A situação alarmante vem associada à negação de políticas públicas específicas para o setor. No ano passado, o presidente Bolsonaro (sem partido) vetou o Projeto de Lei 735/2020, chamado de PL Carvalho de Assis, que previa auxílio emergencial e linhas de créditos para a agricultura familiar
“Ter aprovado o PL 735 era fundamental no sentido de possibilitar, e aumentar a produção de alimentos saudáveis e diversificados", ressalta Taborda.
"Nesse contexto de pandemia, muitos relatos das camponesas têm tido sobre a dificuldade de poder comercializar seus produtos por conta da pandemia, nas feiras, é uma dificuldade muito grande para geração de renda”, explica.
Violência, fome e pandemia
O movimento de camponesas lançou um manifesto, na última semana, para denunciar o avanço das políticas do governo Bolsonaro, que segundo elas, pratica genocídio em três dimensões: estimulando a violência no campo, espalhando a fome e com descaso à pandemia.

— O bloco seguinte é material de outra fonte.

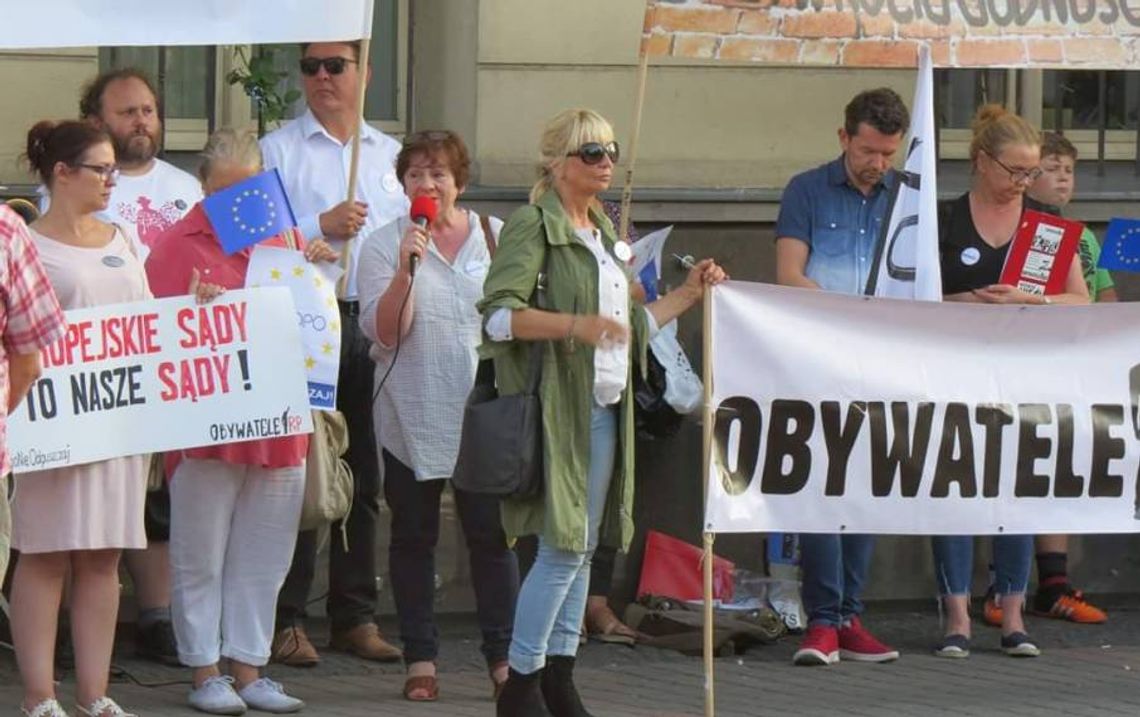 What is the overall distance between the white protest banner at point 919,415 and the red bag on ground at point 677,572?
5.52 feet

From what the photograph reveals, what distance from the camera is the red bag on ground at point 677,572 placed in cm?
934

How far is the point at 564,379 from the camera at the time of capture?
7.18 m

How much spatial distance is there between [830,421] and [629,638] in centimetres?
174

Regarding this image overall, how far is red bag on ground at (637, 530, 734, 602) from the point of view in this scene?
9.34 meters

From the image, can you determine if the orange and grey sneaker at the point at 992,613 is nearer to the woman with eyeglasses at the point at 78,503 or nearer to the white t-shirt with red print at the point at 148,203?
the white t-shirt with red print at the point at 148,203

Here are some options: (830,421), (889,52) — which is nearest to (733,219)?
(889,52)

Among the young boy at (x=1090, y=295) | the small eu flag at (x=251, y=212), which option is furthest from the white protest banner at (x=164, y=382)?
the young boy at (x=1090, y=295)

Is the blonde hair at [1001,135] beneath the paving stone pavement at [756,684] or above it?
above

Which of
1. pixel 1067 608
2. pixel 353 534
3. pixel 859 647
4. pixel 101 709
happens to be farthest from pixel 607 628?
pixel 101 709

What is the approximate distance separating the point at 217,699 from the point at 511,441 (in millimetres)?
1388

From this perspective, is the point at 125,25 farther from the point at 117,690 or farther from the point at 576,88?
the point at 576,88

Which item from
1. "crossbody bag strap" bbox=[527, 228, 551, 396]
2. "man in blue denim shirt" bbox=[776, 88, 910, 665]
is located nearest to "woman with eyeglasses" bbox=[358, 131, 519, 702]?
"crossbody bag strap" bbox=[527, 228, 551, 396]

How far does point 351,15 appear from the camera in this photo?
304 inches

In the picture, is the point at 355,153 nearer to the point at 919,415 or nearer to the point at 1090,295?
the point at 919,415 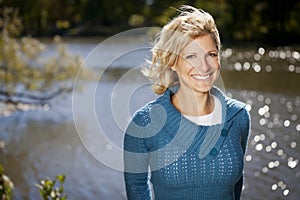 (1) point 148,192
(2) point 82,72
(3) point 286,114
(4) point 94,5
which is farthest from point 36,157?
(4) point 94,5

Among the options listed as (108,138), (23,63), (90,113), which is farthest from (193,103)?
(90,113)

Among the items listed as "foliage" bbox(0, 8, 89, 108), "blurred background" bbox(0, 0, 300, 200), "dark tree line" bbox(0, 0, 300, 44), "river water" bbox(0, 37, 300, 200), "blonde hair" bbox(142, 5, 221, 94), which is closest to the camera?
"blonde hair" bbox(142, 5, 221, 94)

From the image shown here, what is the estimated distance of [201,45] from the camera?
1820 millimetres

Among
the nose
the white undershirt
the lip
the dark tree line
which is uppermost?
the nose

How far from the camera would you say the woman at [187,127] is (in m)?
1.82

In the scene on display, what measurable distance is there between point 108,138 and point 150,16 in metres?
30.4

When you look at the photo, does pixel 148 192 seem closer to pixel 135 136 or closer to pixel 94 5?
pixel 135 136

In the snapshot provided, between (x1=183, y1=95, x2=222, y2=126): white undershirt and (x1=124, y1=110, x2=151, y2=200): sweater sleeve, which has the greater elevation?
(x1=183, y1=95, x2=222, y2=126): white undershirt

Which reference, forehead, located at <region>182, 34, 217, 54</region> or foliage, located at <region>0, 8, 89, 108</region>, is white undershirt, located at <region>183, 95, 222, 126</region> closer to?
forehead, located at <region>182, 34, 217, 54</region>

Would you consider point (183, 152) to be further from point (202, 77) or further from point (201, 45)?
point (201, 45)

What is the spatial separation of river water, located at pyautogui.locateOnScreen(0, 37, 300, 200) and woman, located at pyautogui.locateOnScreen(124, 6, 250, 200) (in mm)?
3181

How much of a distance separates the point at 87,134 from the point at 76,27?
1575 inches

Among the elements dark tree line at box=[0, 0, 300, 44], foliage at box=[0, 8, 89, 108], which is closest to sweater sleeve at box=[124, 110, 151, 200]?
foliage at box=[0, 8, 89, 108]

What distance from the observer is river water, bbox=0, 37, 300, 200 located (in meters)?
8.62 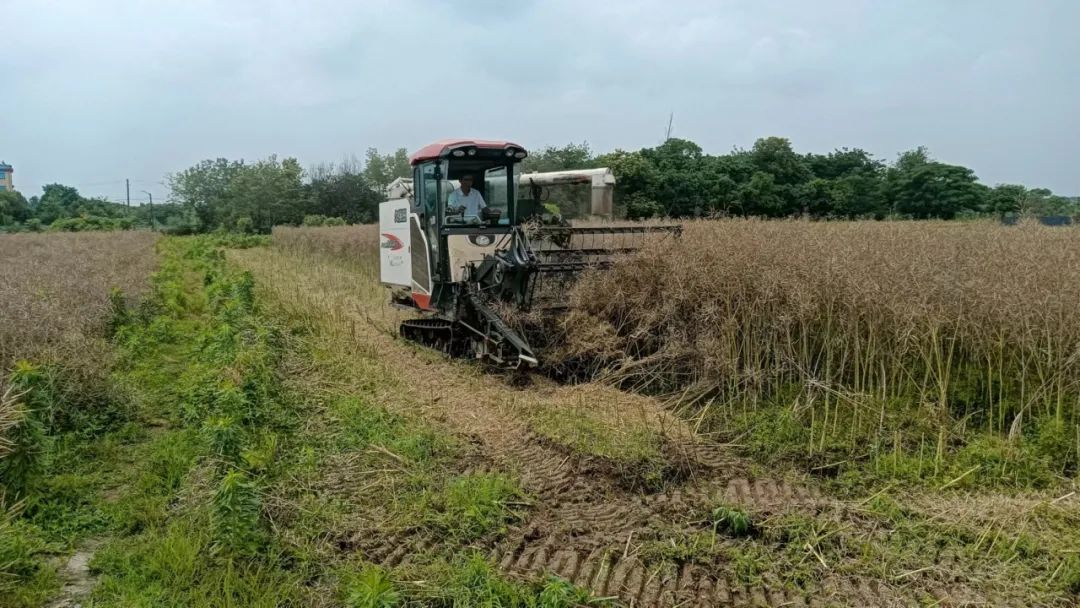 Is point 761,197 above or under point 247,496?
above

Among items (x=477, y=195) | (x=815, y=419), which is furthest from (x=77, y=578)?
(x=477, y=195)

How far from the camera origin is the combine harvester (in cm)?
777

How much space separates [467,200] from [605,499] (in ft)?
17.1

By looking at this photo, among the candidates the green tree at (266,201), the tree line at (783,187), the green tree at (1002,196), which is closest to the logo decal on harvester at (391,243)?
the tree line at (783,187)

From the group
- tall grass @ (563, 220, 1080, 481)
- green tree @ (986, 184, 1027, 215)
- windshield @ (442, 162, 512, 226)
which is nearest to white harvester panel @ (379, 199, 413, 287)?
windshield @ (442, 162, 512, 226)

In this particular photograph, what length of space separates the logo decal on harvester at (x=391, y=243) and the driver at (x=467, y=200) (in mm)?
1348

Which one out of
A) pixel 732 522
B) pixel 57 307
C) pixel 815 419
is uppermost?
pixel 57 307

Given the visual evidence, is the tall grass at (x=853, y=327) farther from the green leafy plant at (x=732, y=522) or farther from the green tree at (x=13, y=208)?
the green tree at (x=13, y=208)

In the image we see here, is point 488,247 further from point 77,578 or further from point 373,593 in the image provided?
point 373,593

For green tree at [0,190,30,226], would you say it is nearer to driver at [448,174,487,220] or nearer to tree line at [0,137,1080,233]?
tree line at [0,137,1080,233]

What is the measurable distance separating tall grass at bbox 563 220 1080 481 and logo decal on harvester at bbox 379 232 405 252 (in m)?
3.44

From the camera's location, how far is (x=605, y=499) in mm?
4566

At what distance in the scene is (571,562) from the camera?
376cm

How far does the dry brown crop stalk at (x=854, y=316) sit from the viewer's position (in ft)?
18.1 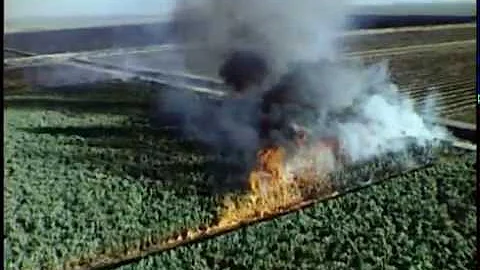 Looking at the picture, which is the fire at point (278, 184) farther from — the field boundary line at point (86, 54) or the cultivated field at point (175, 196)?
the field boundary line at point (86, 54)

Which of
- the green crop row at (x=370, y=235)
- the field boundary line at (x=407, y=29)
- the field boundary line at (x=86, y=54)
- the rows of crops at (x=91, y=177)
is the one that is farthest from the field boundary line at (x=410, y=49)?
the rows of crops at (x=91, y=177)

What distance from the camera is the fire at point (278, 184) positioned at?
3.58 metres

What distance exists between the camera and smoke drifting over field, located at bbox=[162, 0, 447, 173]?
3451 mm

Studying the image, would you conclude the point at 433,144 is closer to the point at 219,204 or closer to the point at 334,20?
the point at 334,20

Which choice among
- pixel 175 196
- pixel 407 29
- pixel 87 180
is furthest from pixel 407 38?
pixel 87 180

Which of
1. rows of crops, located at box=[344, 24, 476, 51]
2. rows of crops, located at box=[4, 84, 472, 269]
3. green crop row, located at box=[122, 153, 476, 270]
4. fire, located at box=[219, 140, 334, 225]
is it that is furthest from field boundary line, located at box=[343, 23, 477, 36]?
rows of crops, located at box=[4, 84, 472, 269]

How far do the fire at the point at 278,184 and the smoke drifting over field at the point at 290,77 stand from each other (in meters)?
0.09

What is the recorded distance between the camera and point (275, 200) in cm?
380

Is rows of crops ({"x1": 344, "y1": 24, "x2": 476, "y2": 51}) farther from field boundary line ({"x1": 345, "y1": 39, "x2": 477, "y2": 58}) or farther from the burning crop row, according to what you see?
the burning crop row

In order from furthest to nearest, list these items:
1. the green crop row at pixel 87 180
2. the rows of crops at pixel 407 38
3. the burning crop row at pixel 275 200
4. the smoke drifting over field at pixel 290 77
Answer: the rows of crops at pixel 407 38 < the smoke drifting over field at pixel 290 77 < the burning crop row at pixel 275 200 < the green crop row at pixel 87 180

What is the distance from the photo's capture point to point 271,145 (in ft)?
12.1

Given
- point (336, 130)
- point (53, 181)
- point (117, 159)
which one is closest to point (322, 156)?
point (336, 130)

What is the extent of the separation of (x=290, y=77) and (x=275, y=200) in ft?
2.22

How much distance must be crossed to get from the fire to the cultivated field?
0.08 metres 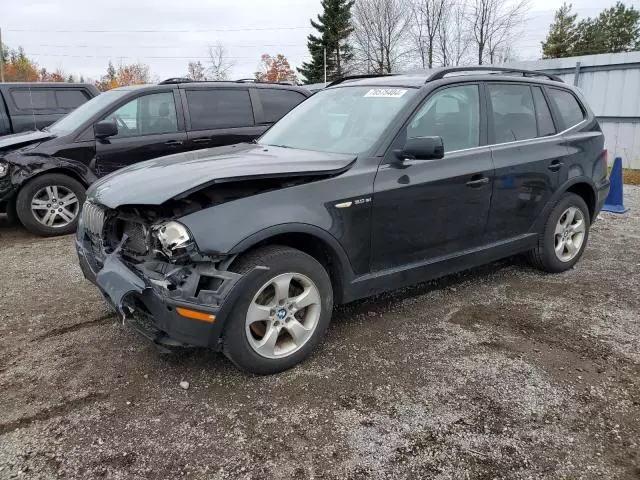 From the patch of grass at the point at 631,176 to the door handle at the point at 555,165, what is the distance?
7250mm

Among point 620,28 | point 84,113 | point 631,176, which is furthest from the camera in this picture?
point 620,28

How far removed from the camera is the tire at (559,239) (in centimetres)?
466

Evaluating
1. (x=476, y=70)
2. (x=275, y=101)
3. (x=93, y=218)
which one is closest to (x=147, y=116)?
(x=275, y=101)

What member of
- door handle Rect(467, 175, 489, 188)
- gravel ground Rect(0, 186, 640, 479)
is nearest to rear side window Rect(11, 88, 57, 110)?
gravel ground Rect(0, 186, 640, 479)

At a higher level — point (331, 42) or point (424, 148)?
point (331, 42)

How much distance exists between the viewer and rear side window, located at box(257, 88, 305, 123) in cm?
763

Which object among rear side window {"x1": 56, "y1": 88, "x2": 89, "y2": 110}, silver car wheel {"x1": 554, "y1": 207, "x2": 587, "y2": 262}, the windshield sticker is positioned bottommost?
silver car wheel {"x1": 554, "y1": 207, "x2": 587, "y2": 262}

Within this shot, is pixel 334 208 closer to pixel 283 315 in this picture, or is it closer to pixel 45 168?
pixel 283 315

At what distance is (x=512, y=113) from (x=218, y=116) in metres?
4.25

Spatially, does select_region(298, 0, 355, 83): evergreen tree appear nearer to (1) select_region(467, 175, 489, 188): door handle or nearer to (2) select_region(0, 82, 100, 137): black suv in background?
(2) select_region(0, 82, 100, 137): black suv in background

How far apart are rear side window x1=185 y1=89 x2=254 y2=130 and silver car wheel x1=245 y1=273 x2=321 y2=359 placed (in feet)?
15.0

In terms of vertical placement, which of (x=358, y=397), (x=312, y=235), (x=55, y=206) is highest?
(x=312, y=235)

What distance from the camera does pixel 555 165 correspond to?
4.52 m

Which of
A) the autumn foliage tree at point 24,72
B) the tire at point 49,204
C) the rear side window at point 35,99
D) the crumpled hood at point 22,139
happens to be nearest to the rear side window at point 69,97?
the rear side window at point 35,99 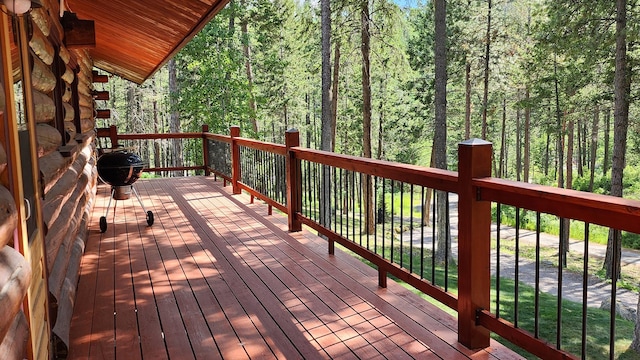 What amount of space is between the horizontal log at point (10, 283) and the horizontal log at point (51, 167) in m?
1.09

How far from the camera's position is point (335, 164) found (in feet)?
14.0

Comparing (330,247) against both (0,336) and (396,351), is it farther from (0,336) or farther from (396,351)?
(0,336)

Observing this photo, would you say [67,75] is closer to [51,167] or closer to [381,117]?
[51,167]

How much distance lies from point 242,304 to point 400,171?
1.42 metres

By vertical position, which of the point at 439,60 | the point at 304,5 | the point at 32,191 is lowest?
the point at 32,191

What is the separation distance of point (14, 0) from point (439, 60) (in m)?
11.0

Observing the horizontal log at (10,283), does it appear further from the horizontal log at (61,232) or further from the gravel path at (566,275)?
the gravel path at (566,275)

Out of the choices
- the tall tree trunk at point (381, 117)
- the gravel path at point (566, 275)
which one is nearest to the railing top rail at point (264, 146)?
the gravel path at point (566, 275)

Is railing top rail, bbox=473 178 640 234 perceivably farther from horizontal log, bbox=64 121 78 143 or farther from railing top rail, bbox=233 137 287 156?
horizontal log, bbox=64 121 78 143

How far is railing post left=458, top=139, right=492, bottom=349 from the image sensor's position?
265 centimetres

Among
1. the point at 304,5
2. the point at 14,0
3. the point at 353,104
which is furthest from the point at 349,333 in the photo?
the point at 353,104

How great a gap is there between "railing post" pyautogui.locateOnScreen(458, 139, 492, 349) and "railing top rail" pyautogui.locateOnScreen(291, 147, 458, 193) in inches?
5.4

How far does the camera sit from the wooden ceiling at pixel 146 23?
420 cm

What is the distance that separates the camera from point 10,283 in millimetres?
1562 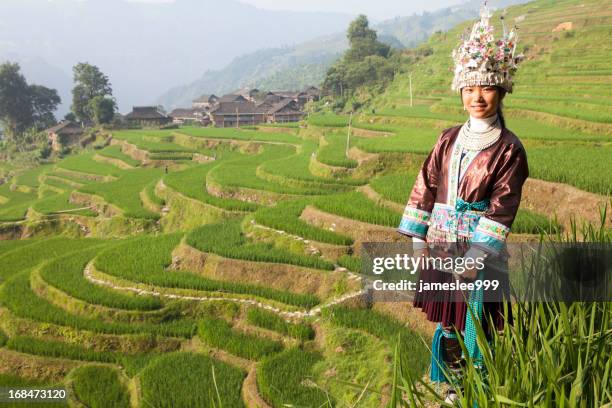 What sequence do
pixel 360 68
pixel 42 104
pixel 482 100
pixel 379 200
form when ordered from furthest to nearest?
pixel 42 104
pixel 360 68
pixel 379 200
pixel 482 100

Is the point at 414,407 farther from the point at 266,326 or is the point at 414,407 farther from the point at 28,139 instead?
the point at 28,139

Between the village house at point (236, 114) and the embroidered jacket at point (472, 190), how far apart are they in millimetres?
43835

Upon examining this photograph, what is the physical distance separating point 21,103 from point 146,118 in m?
15.9

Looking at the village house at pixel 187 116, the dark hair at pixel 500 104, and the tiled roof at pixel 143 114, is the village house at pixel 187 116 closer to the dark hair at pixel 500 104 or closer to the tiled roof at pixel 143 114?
the tiled roof at pixel 143 114

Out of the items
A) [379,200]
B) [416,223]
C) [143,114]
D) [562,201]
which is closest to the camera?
[416,223]

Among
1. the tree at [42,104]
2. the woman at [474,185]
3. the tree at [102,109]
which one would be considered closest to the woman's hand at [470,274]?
the woman at [474,185]

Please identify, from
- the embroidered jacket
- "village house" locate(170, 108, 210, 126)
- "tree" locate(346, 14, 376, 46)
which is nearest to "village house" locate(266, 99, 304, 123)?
"tree" locate(346, 14, 376, 46)

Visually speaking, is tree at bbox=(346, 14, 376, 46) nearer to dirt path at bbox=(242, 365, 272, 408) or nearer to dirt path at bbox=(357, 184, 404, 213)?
dirt path at bbox=(357, 184, 404, 213)

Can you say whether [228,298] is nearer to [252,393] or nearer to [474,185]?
[252,393]

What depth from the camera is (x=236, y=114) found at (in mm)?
45781

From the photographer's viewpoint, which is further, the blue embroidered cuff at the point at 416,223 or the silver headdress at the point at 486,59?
the blue embroidered cuff at the point at 416,223

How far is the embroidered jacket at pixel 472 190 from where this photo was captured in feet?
8.54

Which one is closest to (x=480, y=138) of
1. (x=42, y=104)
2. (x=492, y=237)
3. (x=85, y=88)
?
(x=492, y=237)

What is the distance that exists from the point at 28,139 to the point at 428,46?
3865 cm
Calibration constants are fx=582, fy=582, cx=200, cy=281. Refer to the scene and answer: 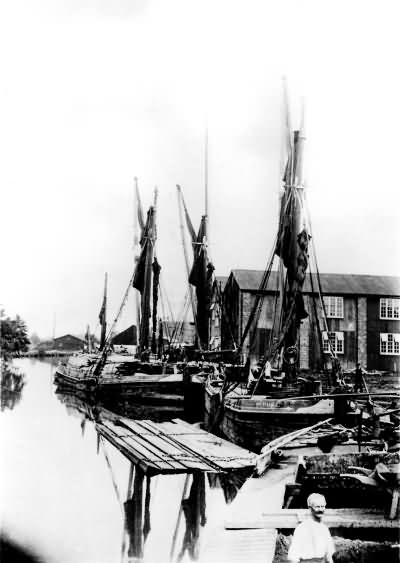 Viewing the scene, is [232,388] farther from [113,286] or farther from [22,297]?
[22,297]

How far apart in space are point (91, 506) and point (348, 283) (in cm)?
625

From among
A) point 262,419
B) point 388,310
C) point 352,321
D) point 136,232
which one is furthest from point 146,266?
point 388,310

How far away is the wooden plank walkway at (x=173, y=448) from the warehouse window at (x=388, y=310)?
3448 millimetres

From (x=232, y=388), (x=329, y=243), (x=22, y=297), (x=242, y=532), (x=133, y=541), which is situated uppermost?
(x=329, y=243)

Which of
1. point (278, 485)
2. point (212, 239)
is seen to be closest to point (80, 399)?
point (212, 239)

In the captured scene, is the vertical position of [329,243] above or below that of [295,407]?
above

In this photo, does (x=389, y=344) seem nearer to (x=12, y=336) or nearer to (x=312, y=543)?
(x=312, y=543)

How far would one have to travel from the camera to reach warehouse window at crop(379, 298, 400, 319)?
9881 mm

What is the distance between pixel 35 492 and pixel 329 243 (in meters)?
6.06

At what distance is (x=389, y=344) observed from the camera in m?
11.2

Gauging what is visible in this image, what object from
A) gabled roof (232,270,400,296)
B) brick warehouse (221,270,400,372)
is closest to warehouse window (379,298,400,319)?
brick warehouse (221,270,400,372)

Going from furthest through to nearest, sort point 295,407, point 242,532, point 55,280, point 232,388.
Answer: point 232,388 < point 295,407 < point 55,280 < point 242,532

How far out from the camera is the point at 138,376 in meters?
17.3

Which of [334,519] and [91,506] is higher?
[334,519] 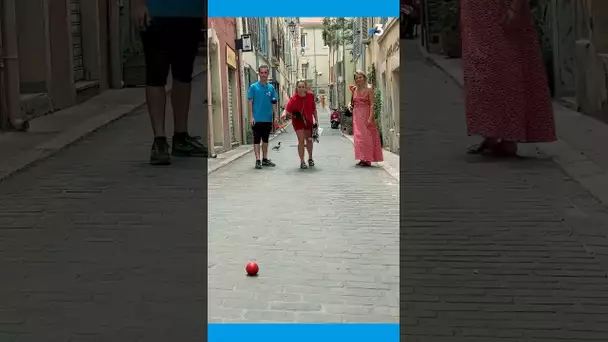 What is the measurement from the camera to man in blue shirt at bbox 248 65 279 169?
1.08 meters

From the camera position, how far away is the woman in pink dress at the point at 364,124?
1.05 metres

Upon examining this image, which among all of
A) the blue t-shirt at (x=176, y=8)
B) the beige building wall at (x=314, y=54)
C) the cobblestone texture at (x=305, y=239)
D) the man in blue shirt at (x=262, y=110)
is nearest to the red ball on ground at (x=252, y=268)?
the cobblestone texture at (x=305, y=239)

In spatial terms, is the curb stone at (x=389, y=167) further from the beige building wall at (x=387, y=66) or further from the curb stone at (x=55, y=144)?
the curb stone at (x=55, y=144)

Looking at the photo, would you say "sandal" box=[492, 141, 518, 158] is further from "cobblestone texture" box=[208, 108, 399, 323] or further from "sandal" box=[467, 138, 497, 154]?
"cobblestone texture" box=[208, 108, 399, 323]

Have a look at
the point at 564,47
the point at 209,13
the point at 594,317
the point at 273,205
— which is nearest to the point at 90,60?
the point at 209,13

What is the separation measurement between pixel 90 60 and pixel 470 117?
0.63 meters

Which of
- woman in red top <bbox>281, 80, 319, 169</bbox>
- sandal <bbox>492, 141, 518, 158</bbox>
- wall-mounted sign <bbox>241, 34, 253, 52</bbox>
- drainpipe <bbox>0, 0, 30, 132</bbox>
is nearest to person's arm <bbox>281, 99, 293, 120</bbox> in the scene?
woman in red top <bbox>281, 80, 319, 169</bbox>

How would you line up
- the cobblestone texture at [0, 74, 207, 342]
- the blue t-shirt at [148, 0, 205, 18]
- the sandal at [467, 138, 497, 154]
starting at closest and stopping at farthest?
1. the blue t-shirt at [148, 0, 205, 18]
2. the sandal at [467, 138, 497, 154]
3. the cobblestone texture at [0, 74, 207, 342]

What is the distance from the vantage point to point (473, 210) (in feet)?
3.94

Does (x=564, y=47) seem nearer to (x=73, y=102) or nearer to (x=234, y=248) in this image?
(x=234, y=248)

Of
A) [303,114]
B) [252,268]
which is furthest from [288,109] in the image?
[252,268]

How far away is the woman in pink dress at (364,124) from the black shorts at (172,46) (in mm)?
244

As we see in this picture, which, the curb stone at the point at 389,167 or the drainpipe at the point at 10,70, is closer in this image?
the curb stone at the point at 389,167

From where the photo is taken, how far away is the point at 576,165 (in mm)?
1135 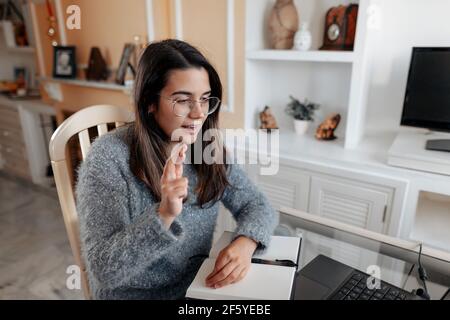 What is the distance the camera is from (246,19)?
4.80 ft

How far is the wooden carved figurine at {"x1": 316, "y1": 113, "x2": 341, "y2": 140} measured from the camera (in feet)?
5.04

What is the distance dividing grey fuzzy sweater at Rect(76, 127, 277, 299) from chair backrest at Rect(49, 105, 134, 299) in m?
0.11

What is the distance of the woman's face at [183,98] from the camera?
0.73 m

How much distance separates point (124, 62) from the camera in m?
1.77

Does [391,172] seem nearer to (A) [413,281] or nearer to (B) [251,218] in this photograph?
(A) [413,281]

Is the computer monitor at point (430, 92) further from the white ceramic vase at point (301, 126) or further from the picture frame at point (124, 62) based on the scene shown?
the picture frame at point (124, 62)

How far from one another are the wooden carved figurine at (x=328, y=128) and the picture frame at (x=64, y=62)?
1.46 meters

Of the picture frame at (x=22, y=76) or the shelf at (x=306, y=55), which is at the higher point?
the shelf at (x=306, y=55)

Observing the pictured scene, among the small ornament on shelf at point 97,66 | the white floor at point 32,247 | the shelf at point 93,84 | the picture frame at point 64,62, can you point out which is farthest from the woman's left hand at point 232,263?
the picture frame at point 64,62

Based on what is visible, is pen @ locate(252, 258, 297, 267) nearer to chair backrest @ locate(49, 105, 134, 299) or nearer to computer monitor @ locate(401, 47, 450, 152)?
chair backrest @ locate(49, 105, 134, 299)

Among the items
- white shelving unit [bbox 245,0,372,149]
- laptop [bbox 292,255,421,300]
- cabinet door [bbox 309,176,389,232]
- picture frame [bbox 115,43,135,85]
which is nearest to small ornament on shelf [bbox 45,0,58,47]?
picture frame [bbox 115,43,135,85]

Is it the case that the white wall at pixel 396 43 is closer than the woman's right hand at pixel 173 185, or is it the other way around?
the woman's right hand at pixel 173 185
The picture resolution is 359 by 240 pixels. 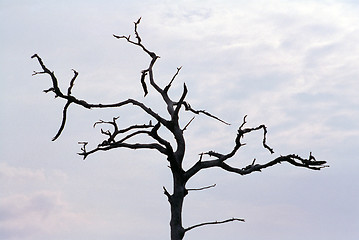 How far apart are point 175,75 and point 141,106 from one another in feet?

“A política adotada por esse governo é uma política de morte, de destruição, que não prevê as mínimas condições para que o povo trabalhador tenha vida digna”, afirma.
A liderança do movimento também destaca o efeito devastador do modelo do agronegócio no país.
“O governo Bolsonaro investe milhões no agronegócio para produção de commodities, de monocultivo, que não são para o povo brasileiro se alimentar, mas sim são produtos para a exportação. [Essa escolha] aumenta o PIB, mas ao mesmo tempo aumenta a fome”, diz Tobardo.
“A gente percebe que muitas famílias estão em insegurança alimentar, por conta desse modelo do agronegócio, baseado nos agrotóxicos, agroquímicos e que não possibilita a produção diversificada de alimentos”, declara.
Além da negação do apoio emergencial específico, parte das conquistas transformadas em programas e políticas públicas nos últimos governos , também foi alvo de ataque. É o caso do esvaziamento do Programa de Aquisição de Alimentos (PAA), dos cortes no Programa Nacional de Fortalecimento da Agricultura Familiar (Pronaf), e da extinção do Conselho de Segurança Alimentar e Nutricional (Consea).
“Há um claro desejo desse governo em não apoiar o pequeno agricultor na agricultura familiar, tampouco a agroecologia com perspectiva camponesa. Esse governo tem interesse tão somente em expandir o capital, fortalecer os interesses das corporações. E tem ministros e ministras que servem esses interesses. No Ministério da Agricultura e Pecuária, no Ministério do Meio Ambiente e também no Ministério da Cidadania”, afirma André Luzzi, ativista alimentar e integrante do Fórum Paulista em Soberania e Segurança Alimentar e Nutricional,
Segundo ele, a prática instituída pelo governo é inversa a que deveria ser aplicada durante a pandemia, um momento que traz o risco de abastecimento e da fome.
“Nós apoiamos muito os circuitos curtos de alimentação, agricultura e nutrição, sistemas alimentares de nível local, que favoreçam a proximidade do produtor e do consumidor. Essa política de agricultura de abastecimento atual, tem feito justamente o contrário, favorecendo os ricos, debilitando as políticas de abastecimento popular e deixando os preços dos alimentos muito altos.”, conclui.